In reaching this conclusion, the Court dismissed – as largely irrelevant - the differing constructions that had been put upon the term "beneficial ownership" in the two cases of Ayrest v C&K (Construction) Ltd [1976] AC167 and the Australian case Commissioner of Taxation of Commonwealth of Australia v. Linter Textiles Australia Ltd (in liquidation) [2005] 220 CLR 592. Both these cases related to the interpretation of the term under revenue statutes and the Court concluded that "the expression ‘beneficial ownership’ can [plainly] mean different things in different contexts or statutes". The Court held further that, even if the courts in Singapore were to apply the Ayerst principles (being those most helpful to the Powick interest), the decision taken by the court on the interpretation of s.12(B)(4)(i) of the Ordinance meant that Powick had to show that liquidation had the effect of vesting the equitable ownership of Powick’s assets in some person other than Powick. This was a burden that they could not carry.

The Court Sale Point
In this regard, the Court said:

 "In HCO ss.12B(4)(a) and (b) the references to "ship" clearly indicate a ship in connection with which an in rem claim is being made. This is because, at the time when a cause of action arises, there cannot yet have been an arrest and judicial sale of a relevant vessel. But the word "ship" in HCO ss.12B(4)(i) and (ii) must refer to a particular "ship or the proceeds from the judicial sale of a ship". This is because, by time-honoured tradition in the Admiralty jurisdiction, the proceeds from the judicial sale of a res (such as a ship) are treated as equivalent to the res itself.

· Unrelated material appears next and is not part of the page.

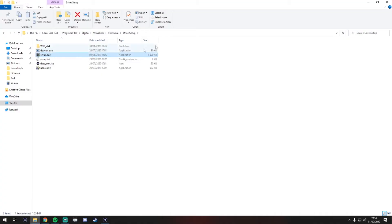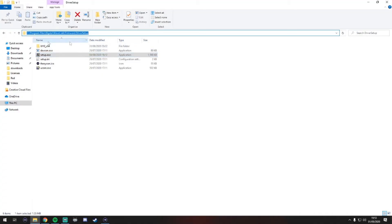So the first thing you're going to want to do is go to your C drive, Program Files, Elgato, Wavelink, firmware, driver setup, and run setup.exe.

Mr. Sussex submits that HCO s.12B(4) cannot reasonably be read in the way which I have just set out. But I do not see why… The purpose of a judicial sale following arrest is to prevent wastage of an asset. For example, in the case of a ship, the expenses of maintaining her (including the employment of a skeleton crew) pending resolution of a dispute, would diminish whatever value the ship may eventually fetch at the end of the day. 

It would be strange if the right to bring an in rem claim (especially one involving a statutory lien) were to be dependent on the timing of a judicial sale. Yet that would be the result if Mr. Sussex’ argument is right."

The Court concluded that "since a res once judicially sold is treated as equivalent to its proceeds, it is wrong to say the the beneficial ownership in the res has been transferred to someone else." 

In consequence, Powick failed on this point too. Accordingly, the Court confirmed the judgment at first instance dismissing all of Powick’s applications.